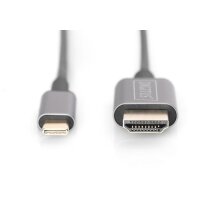DIGITUS DA-70821 - USB-C - HDMI Adapter, 1,8 m 4K/30Hz, schwarz, Metallgehäuse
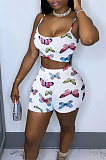 Blue Sexy Polyester Tie Dye Sleeveless Cold Shoulder Crop Top Low Waist Shorts Sets YT3230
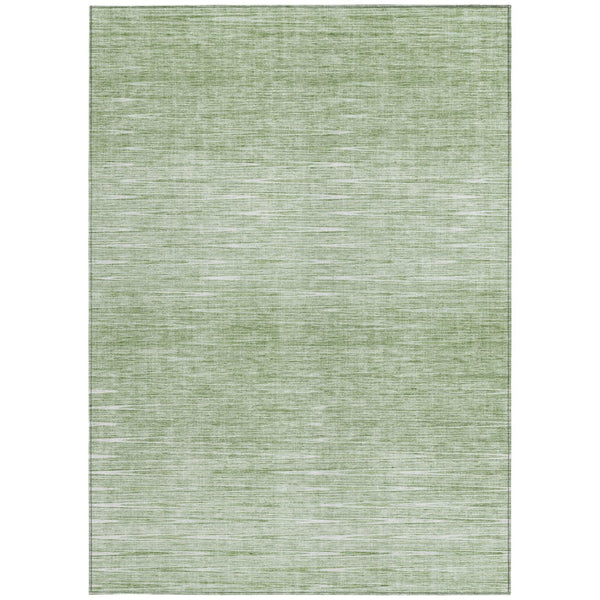 Homeroots 3' Artichoke Green Abstract Washable Area Rug - Ideal For Indoor And Outdoor Spaces, Stain Resistant 9' X 12' Polyester 587390
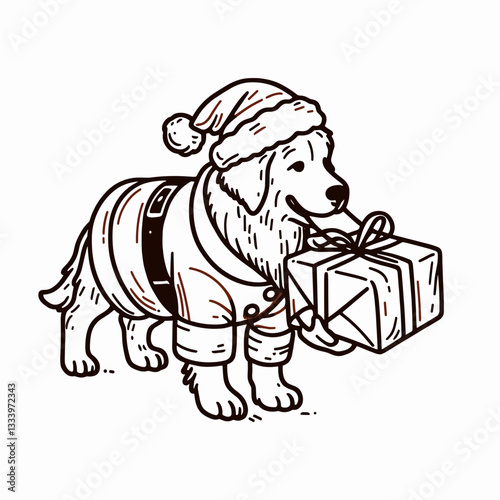 Golden Retriever Dog wearing Santa Claus costumes carrying a large object vector graphic simple minimalist silhouette festive Christmas gift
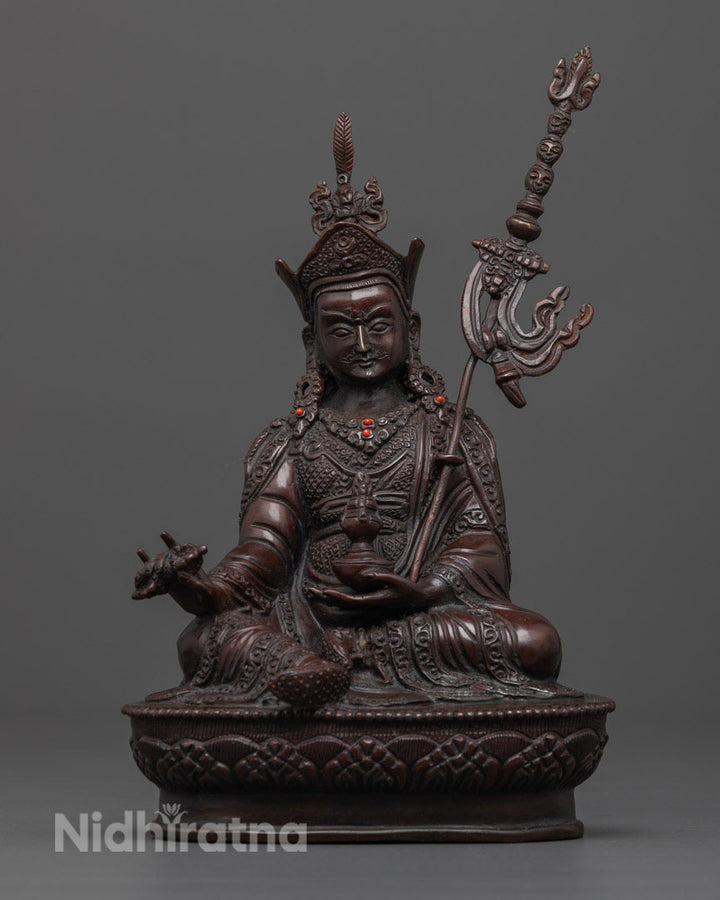 Oxidized Guru Rinpoche Statue: Himalayan Scared Art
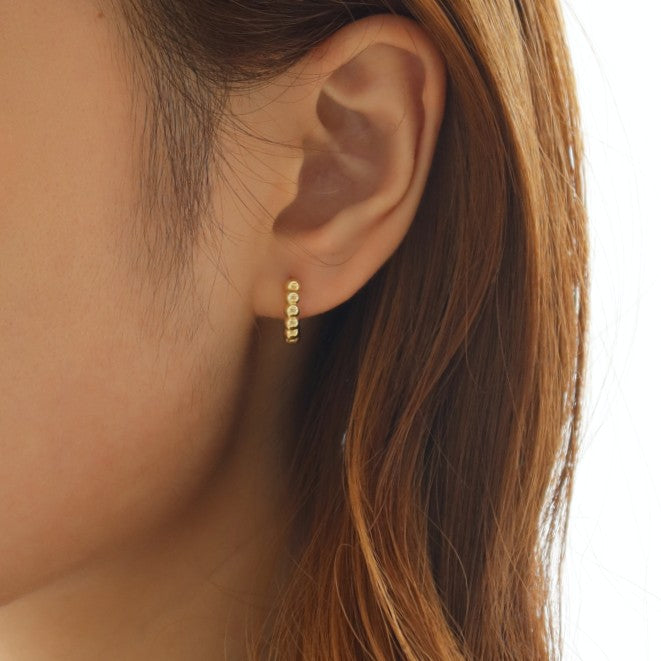 Beaded Hoop Earrings 13mm Silver 18k gold plated silver Gisser Jewels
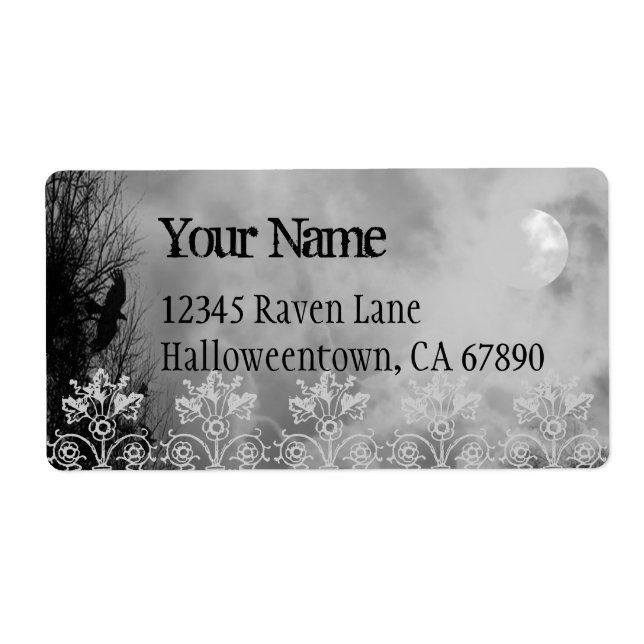 Halloween Raven Himlar Black Anpassningsbar Large  Fraktsedel (Framsidan)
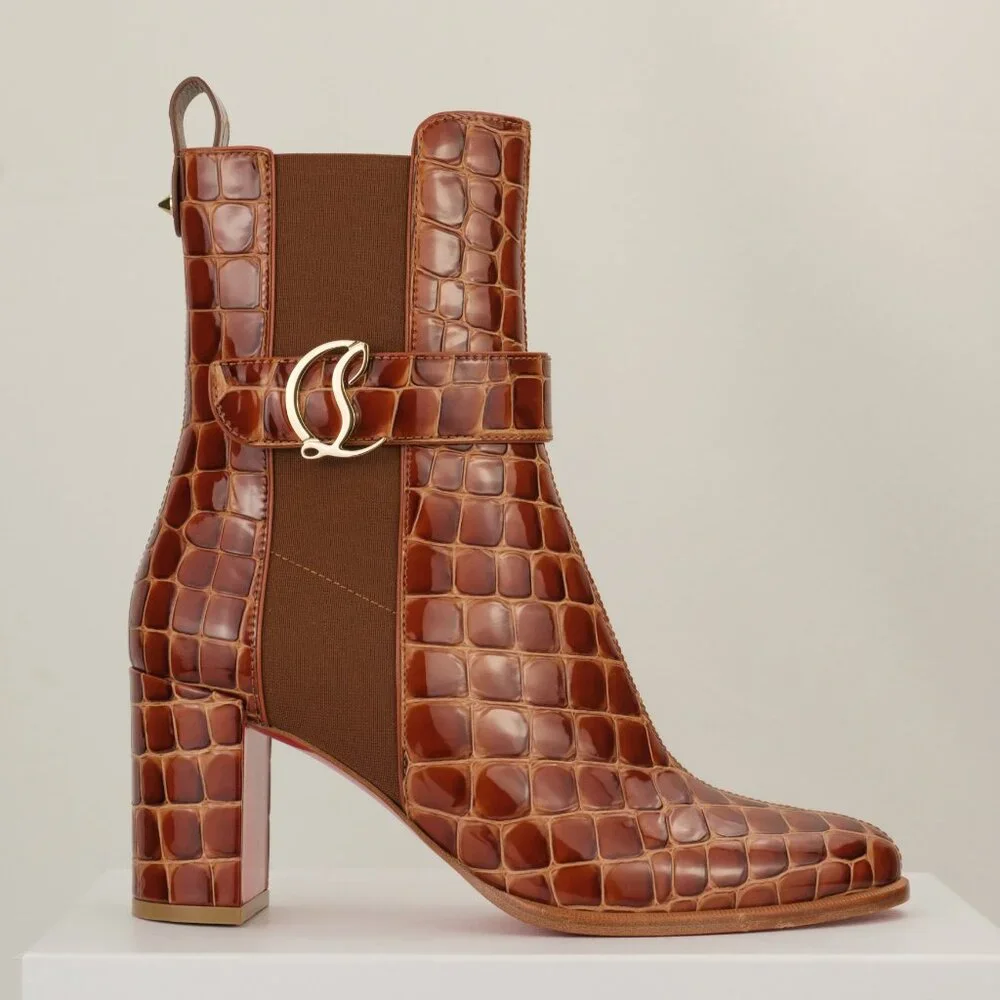 Christian Louboutin CL Chelsea Calf Ali Ankle Boots, Acajou, EU 39/US 9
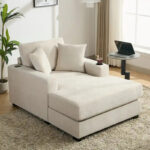 43.5 Chenille Fabric Chaise Lounger Sofa Couch with Pillows, Charge Station & Cup Holders - Image 15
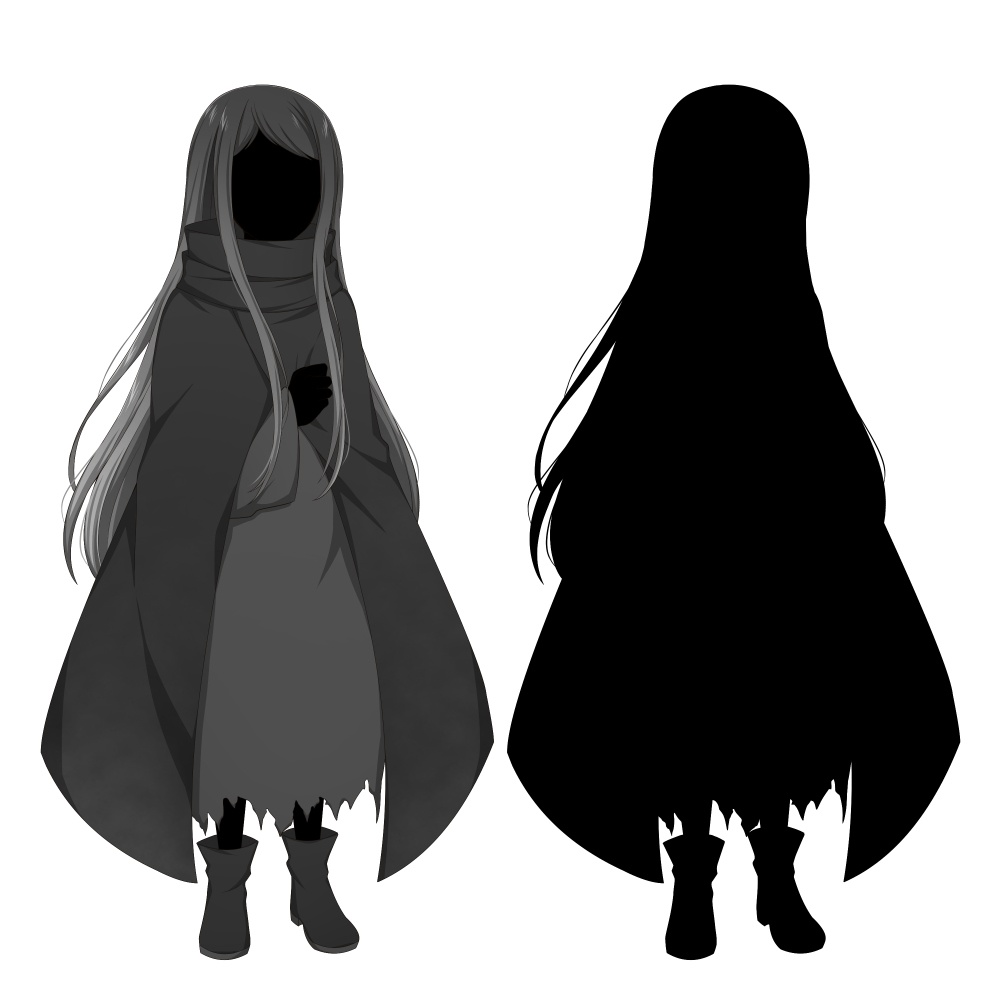 ミステリアスな雰囲気の少女【表情差分10種+シルエット2種】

-- -- --

Omit every picture, and otherwise quote the entries exactly.

DIGITUS DA-70821 - USB-C - HDMI Adapter, 1,8 m 4K/30Hz, schwarz, Metallgehäuse
 Blue Sexy Polyester Tie Dye Sleeveless Cold Shoulder Crop Top Low Waist Shorts Sets YT3230
 Homeroots 3' Artichoke Green Abstract Washable Area Rug - Ideal For Indoor And Outdoor Spaces, Stain Resistant 9' X 12' Polyester 587390
 Golden Retriever Dog wearing Santa Claus costumes carrying a large object vector graphic simple minimalist silhouette festive Christmas gift
 Oxidized Guru Rinpoche Statue: Himalayan Scared Art
 Beaded Hoop Earrings 13mm Silver 18k gold plated silver Gisser Jewels
 Halloween Raven Himlar Black Anpassningsbar Large  Fraktsedel (Framsidan)
 Christian Louboutin CL Chelsea Calf Ali Ankle Boots, Acajou, EU 39/US 9
 43.5 Chenille Fabric Chaise Lounger Sofa Couch with Pillows, Charge Station & Cup Holders - Image 15
 ミステリアスな雰囲気の少女【表情差分10種+シルエット2種】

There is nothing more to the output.